Rework Energy: solar aid reworks electricity in the village – East Africa and Latin America

Solar Aid

Rework Energy: rural energy foundation wants to raise awareness about the benefits of solar power in Africa.

Rural Energy Foundation

Rework Energy: TaTEDO, the Tanzanian traditional energy development organization works to advance access to renewable energies in Tanzania.

TaTEDO

Rework Finance: the FSDT has been established to support Tanzania’s development of pro-poor financial markets.

FSDT

Femina HIP Tanzania

Femina HIP is the civil society initiative behind the Fema Magazine, the most popular and in demand magazine in Tanzania, where articles about sexuality, relationships, risk, HIV/AIDS and other lifestyle issues are integrated into a glossy, colorful and attractive magazine, a beacon of Tanzanian youth culture.

‘We are today de facto the largest media platform outside the mainstream media, with print runs of over 170.000 copies of our leading magazine Fema distributed to every rural region of the country‘ says Femina HIP founder and director Minou Fuglesang. She created the initiaitve in 1999 after working as a researcher and consultant in the field of sexual and reproductive health and rights, and after reportedly loosing her patience over the slow speed of change. ‘We have created a healthy lifestyle brand and planted the seeds of a people’s health and rights movement.’

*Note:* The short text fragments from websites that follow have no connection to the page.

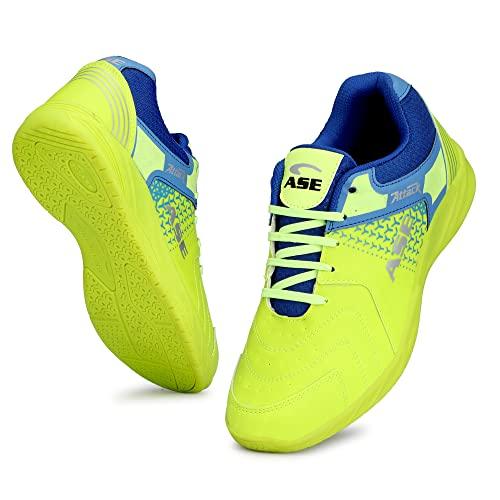 ase men's 2.0 badminton badminton, table tennis, volleyball shoes (multicolor, 8 uk/ind)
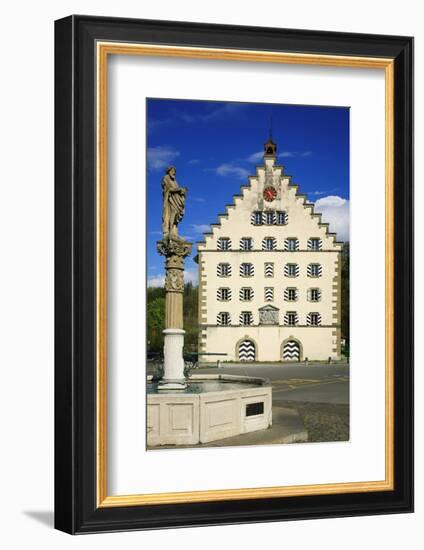 Switzerland, Fribourg on the Sarine River, Planche Superieure-Uwe Steffens-Framed Photographic Print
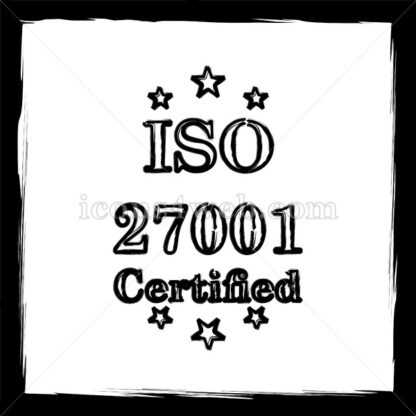 ISO 27001 sketch icon. - Website icons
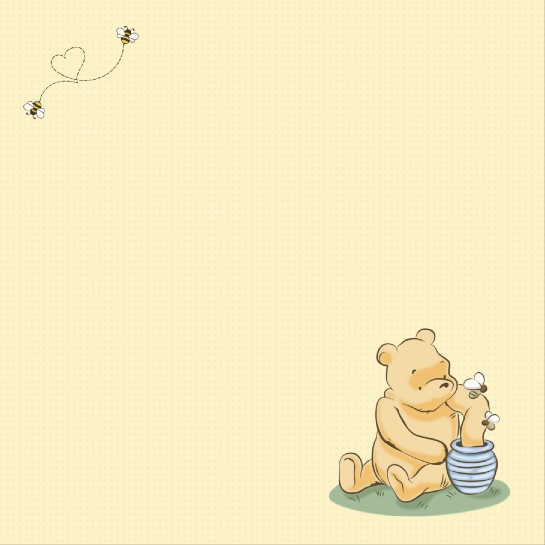Winnie the Pooh Honey Bees 12x12 Scrapbooking Paper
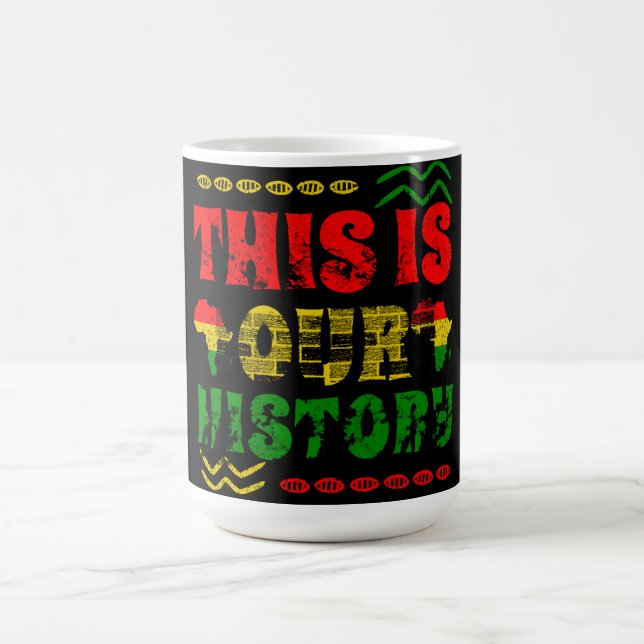 Caneca De Café Mês da História Negra, Americano Africano (Centro)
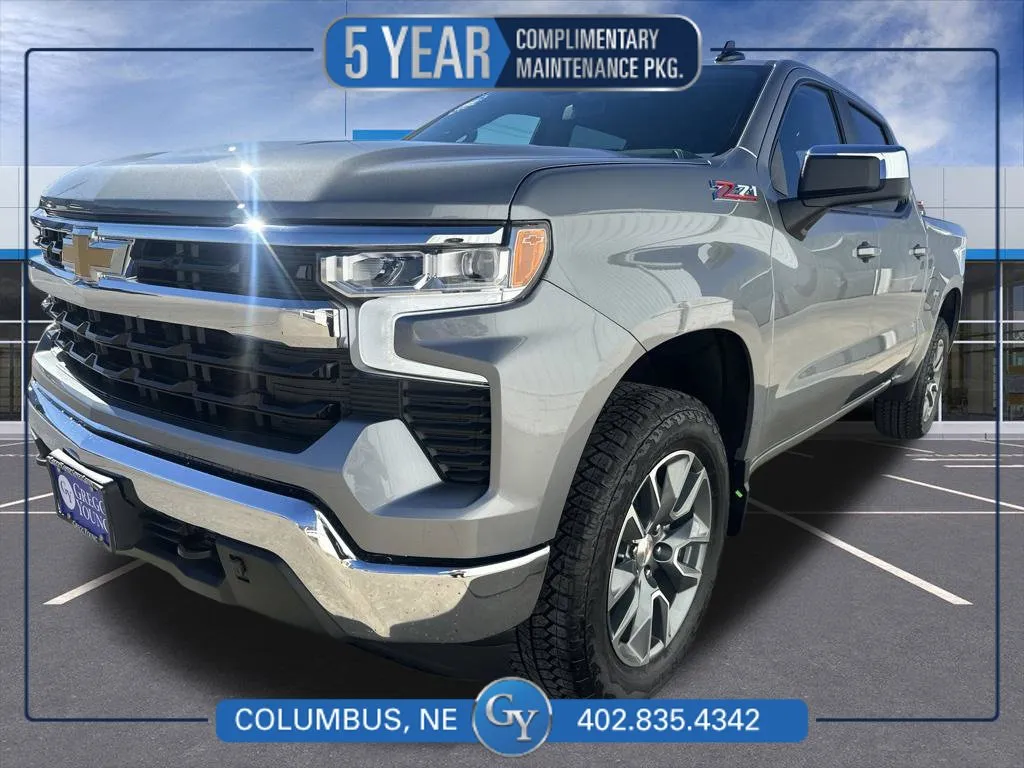 Gray 2026 Chevrolet Silverado 1500 LT for sale in Columbus, NE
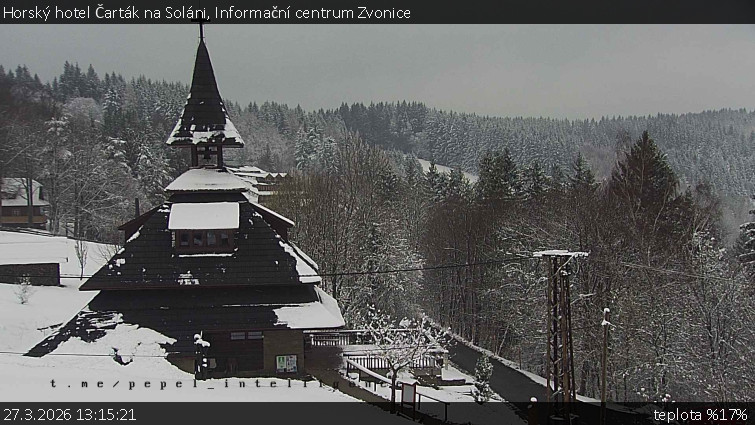 Horský hotel Čarták na Soláni - Informační centrum Zvonice - 27.3.2026 v 13:15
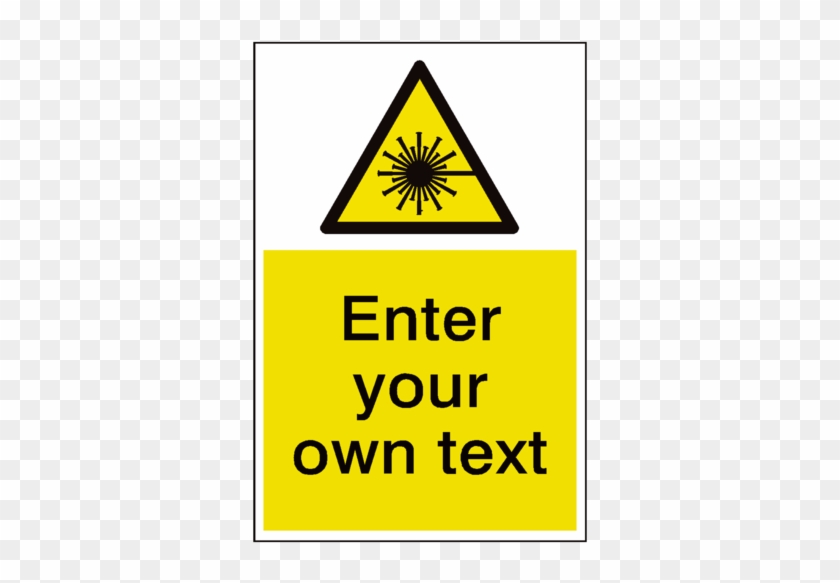Laser Beam Custom Hazard Sticker - Mind The Step Safety Sign Clipart #448736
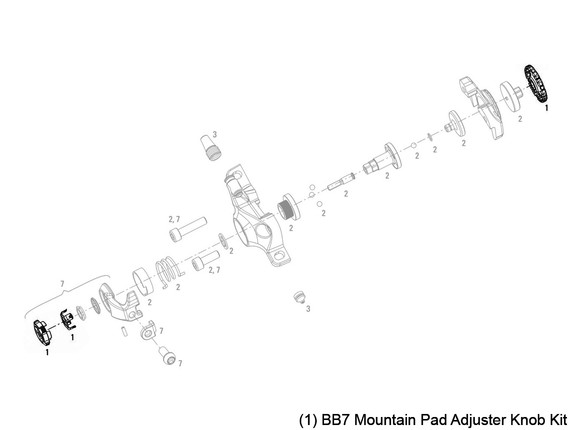 Avid BB7 MTB/Road Brake Caliper Spare Parts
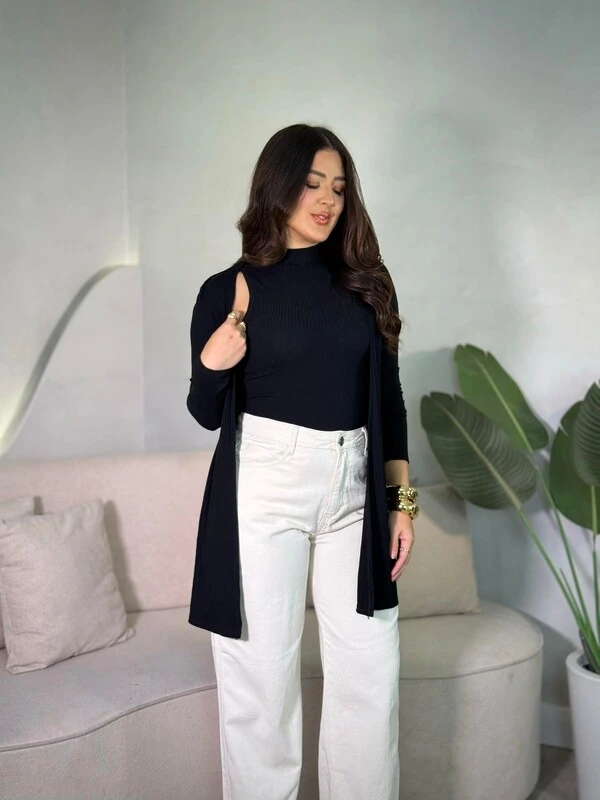 Conjunto Cardigan E Blusinha Roberta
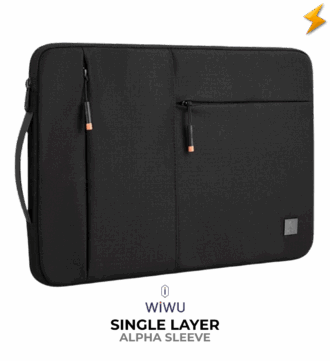 WiWU Alpha Slim Sleeve Waterproof Laptop sleeve bag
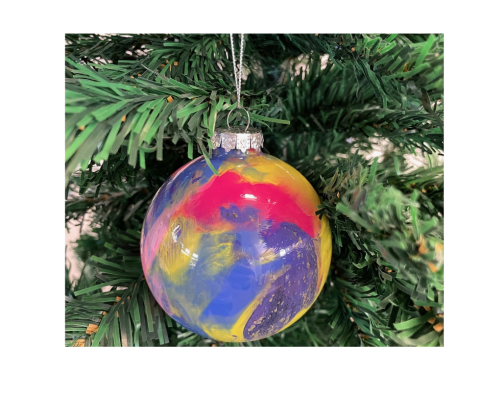 Colorful round ornament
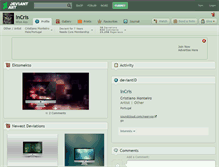 Tablet Screenshot of incris.deviantart.com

Femina HIP is celebrating its 10th Anniversary in 2009. The initiative has grown rapidly to become a multimedia initiative comprising two recurring print magazines, a weekly TV talk show, radio programmes and an interactive website, chezasalama.com.

Its bi-monthly magazine ‘Si Mchezo!’ (No Joke!) is for out of school youth around the country, with an estimated readeship of 2 million people. It is distributed free of charge or in return for transportation agreements to several hundred partner organizations including companies and local government. Many large scale workplaces, such as the tea estates, use the magazine to educate their workforce and nearby communities.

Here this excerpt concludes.